Monday, October 26, 2009

A crash course in illustrating | More on Judy's Magic Cast On

For the past 2 weeks I've left my knitting on the shelf and focused on (a) becoming more fluent with Illustrator, and (b) creating illustrations that would be easy to follow. Specifically, my goal was to have illustrations of Judy's Magic Rib for you this week (see my previous post "Ode to Judy" on this). I got as far as Judy's Magic Cast On in purl. So, I'll finish the illustrations for Judy's Magic Rib next time. Following the illustrations is a philosophical discussion on the purpose for doing this in the first place!

How to do Judy’s Magic Cast-On* in purl:
Hold the yarn like so. The black line represents the working end of the yarn; the red line represents the long tail. The working yarn comes up and over the bottom needle and leans to the left.


1. With your forefinger, lift the working yarn (black) over and around the top needle, then down and in front of the bottom needle. I'll show this in two steps.


(1a) First, lift the working yarn over the top needle...


(1b) …then down and in front of the bottom needle.

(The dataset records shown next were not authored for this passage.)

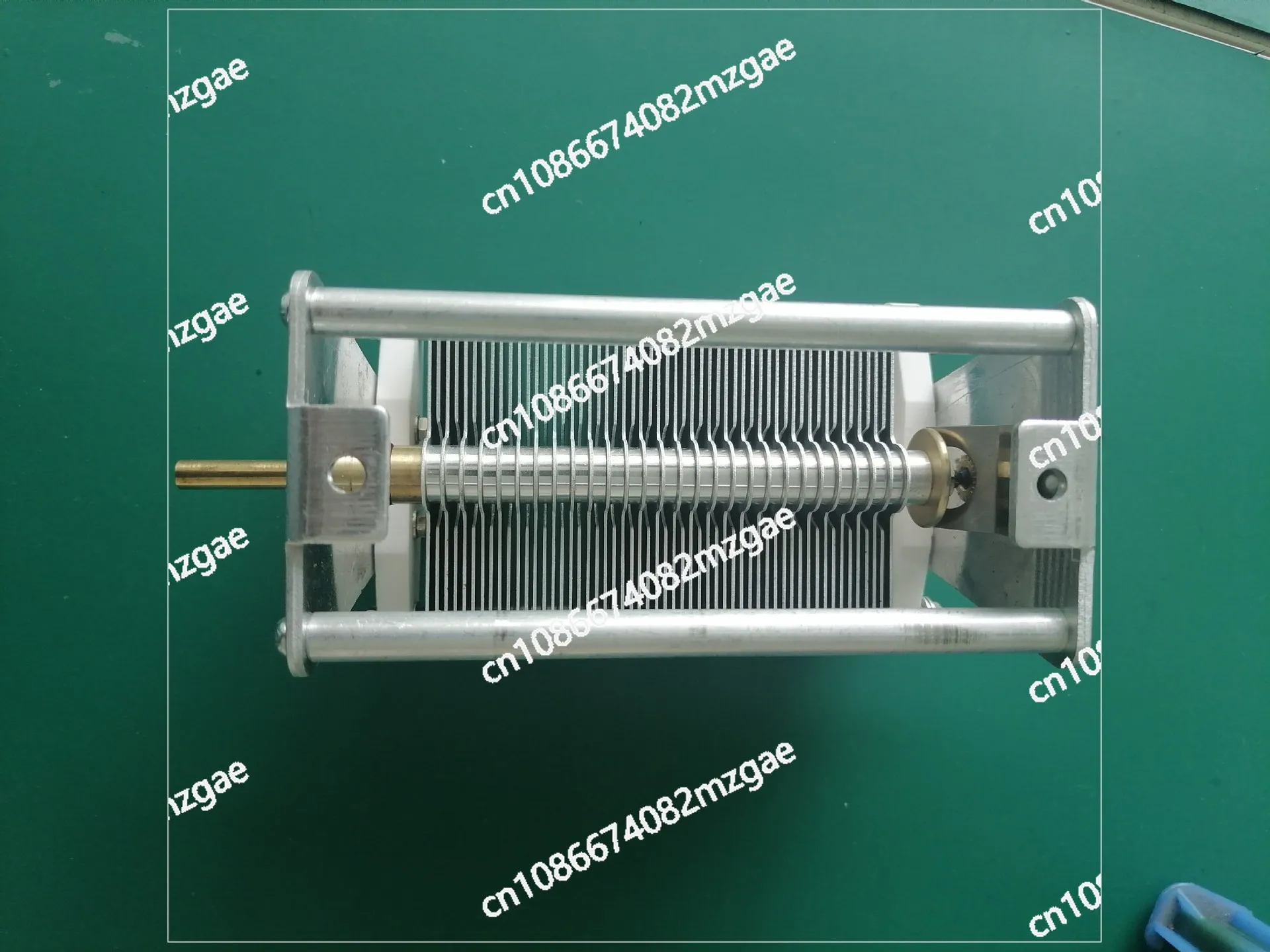 Air Adjustable Capacitor, Capacitance 20-1000P, Voltage Value 1000V
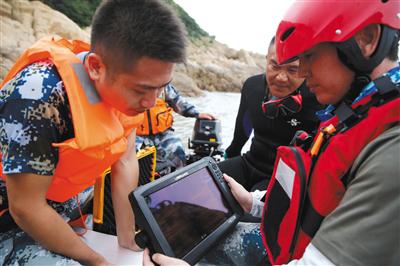 声呐技术 队员通过声呐探测仪成像搜寻观日亭附近海域。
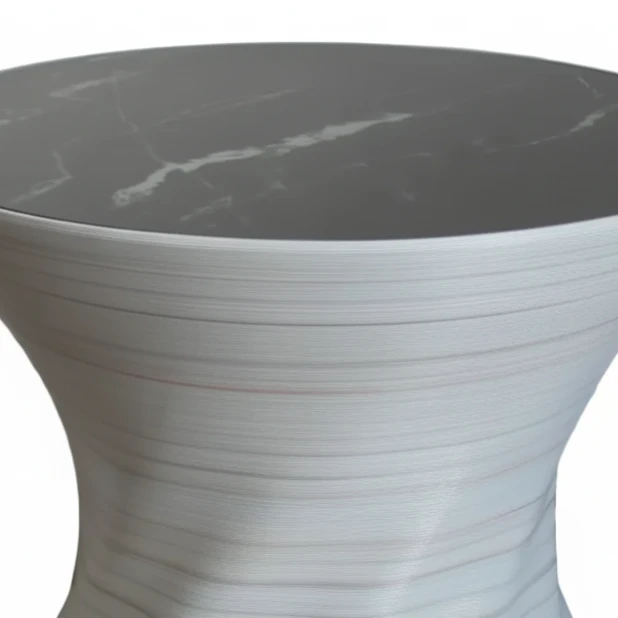 Table basse ronde Kesk avec plateau effet marbre gris foncé et socle blanc texturé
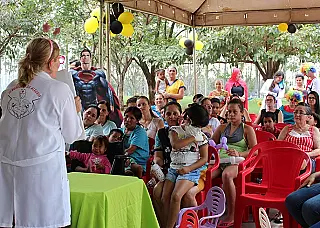 Crianças internadas no HU ganham festa antecipada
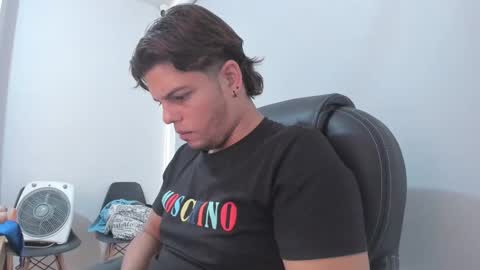 Snapshot of anndyhardy11 chatting on 01/12/25, 05:01 Anndy Hardy online show from 01/12/25, 05:01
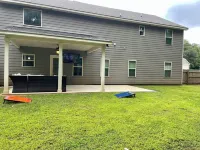 4 bedroom/3 bath home with bonus spaces close to everything you need or want! RTJ 골프 트레일 앳 그랑 내셔널 주변 호텔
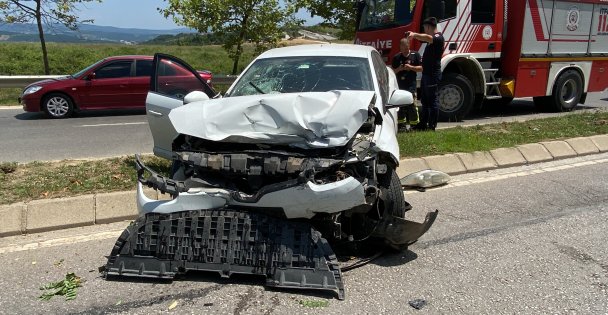 Kontrolden çıkan araç 2 otomobil ile çarpıştı: 3 yaralı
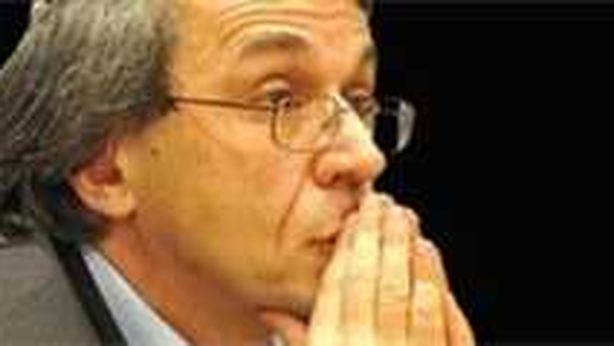 Il gioco delle tre carte di Enrico Letta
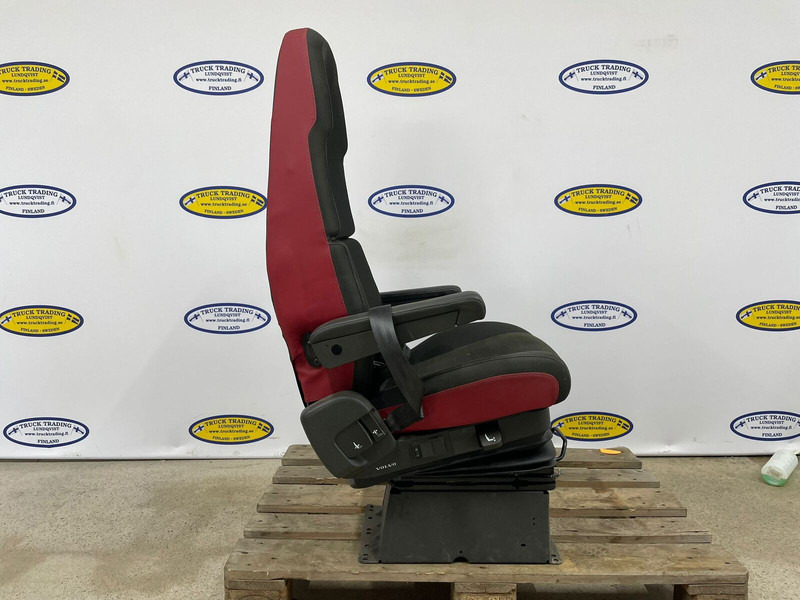 Volvo FH - Сидіння: фото 3 Volvo FH - Сидіння: фото 3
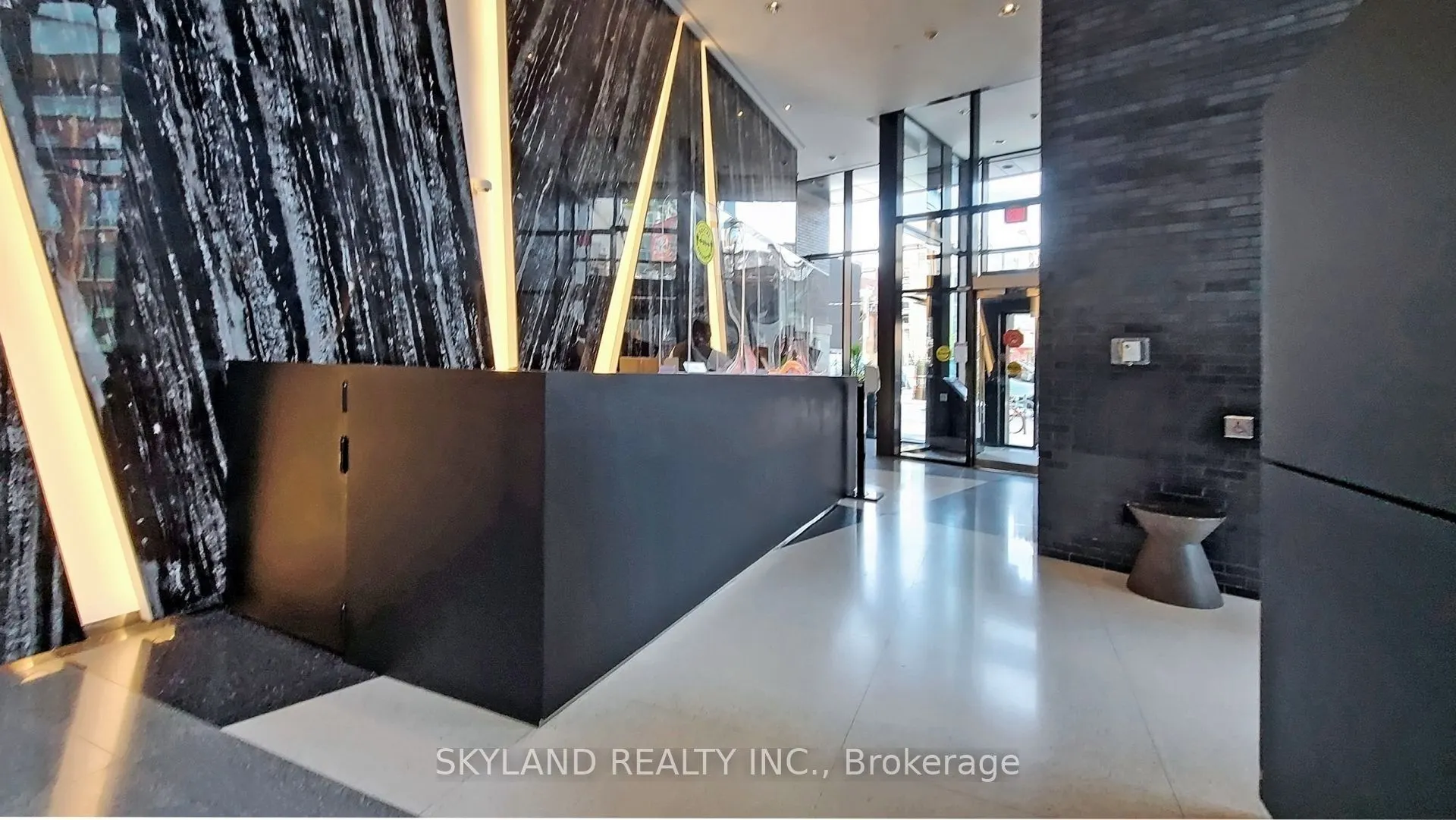 125 Peter Street, #3211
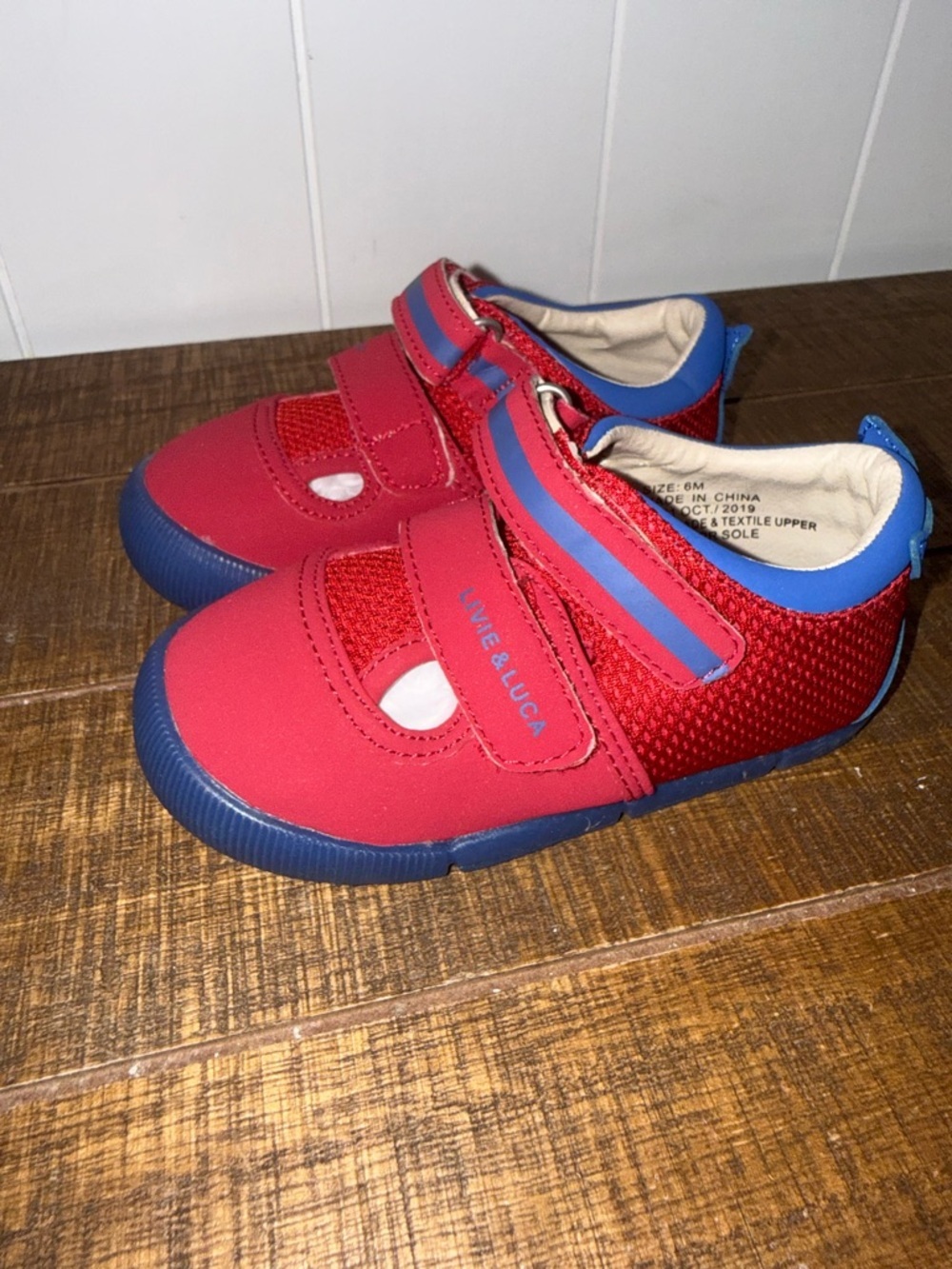 ⭐NWT Livie and Luca Boy Red Velcro Shoes Nimble Whale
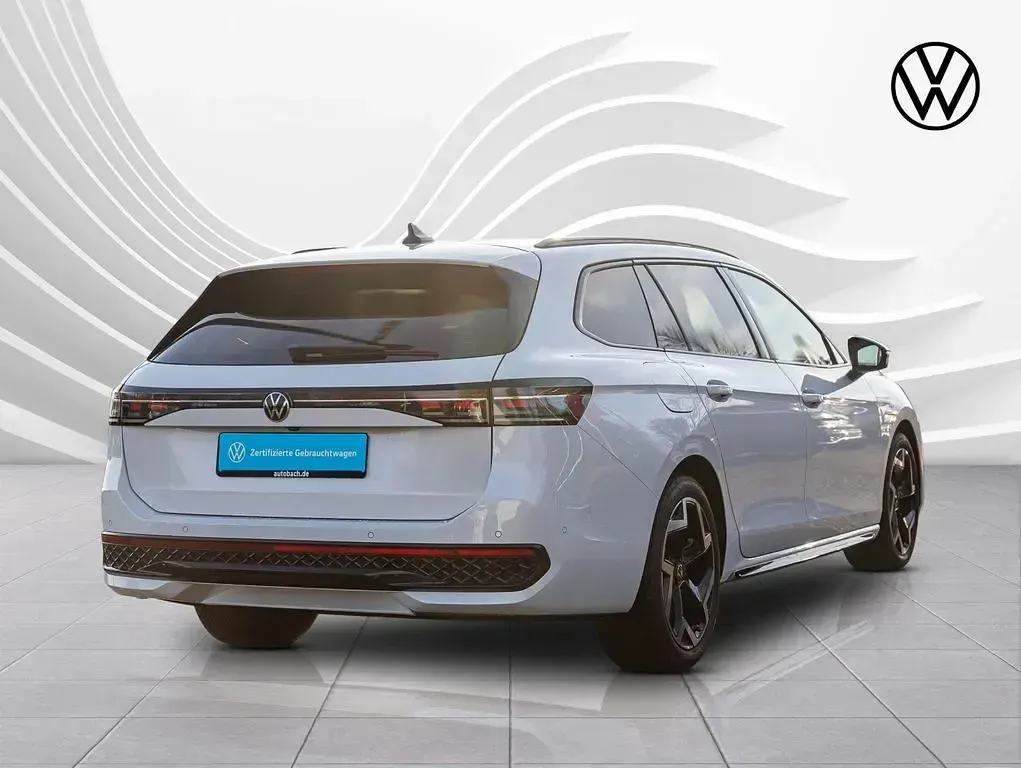 Gebraucht VW Passat R-line 150 PS (110 kW) 2024 Oryxweiß perlmutteffekt Kombi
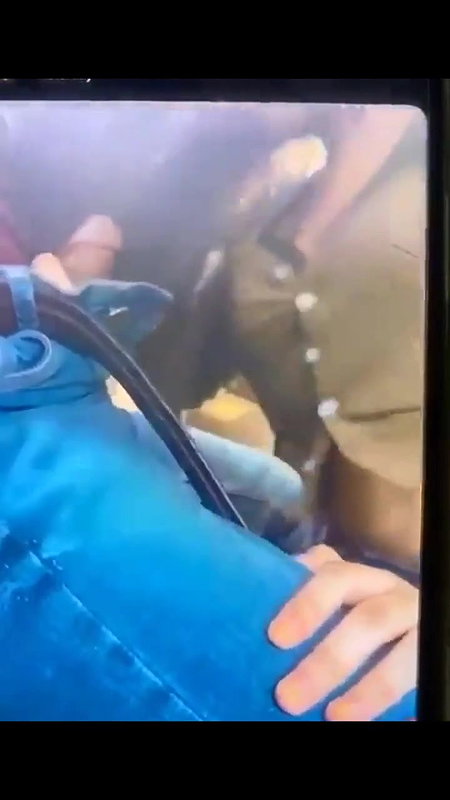 sexy GF handjob and desi blowjob inside car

2. Now take your long tail (red), and with your thumb, throw it over the bottom needle and around the working yarn. You'll rotate your wrist out and back to do this. This is also shown in 2 steps.


(2a) First rotate your wrist out, and with your thumb, throw the tail over the bottom needle...


(2b) Then rotate your wrist back in. Note how the tail now crosses in front of the working yarn, on the underside of the bottom needle.


Note also that you have one loop around the top needle and one loop around the bottom needle.

Now repeat step 1 (both a and b). Lift the working yarn over the top needle and bring it down in front of the bottom needle.


As you pull the working yarn around the top needle, this pulls the tail up from the bottom. You now have two loops around both needles.

Now repeat step 2 (both a and b). Rotate your wrist out, throw the tail over the bottom needle, and rotate your wrist back in.


You still have 2 loops around both needles. The next time you repeat step 1, you’ll have 3 loops on both needles.

Keep going, and pretty soon you have a group of stitches on your needles:


------begin philosophical discussion------

Ok so now that you have JMCO-purl on your needles, perhaps you’re wondering why I would bother to figure this out in the first place. Why use JMCO-purl if you can just do JMCO? Well, a couple of reasons...

One, because I wanted to be able to cast on in a rib pattern, so that I could make mini-moebii cuffs for socks, hats, and other small openings (you can use JMCO to start a moebius -- more on that later). Two, because I just plain like taking stuff apart and reverse engineering it.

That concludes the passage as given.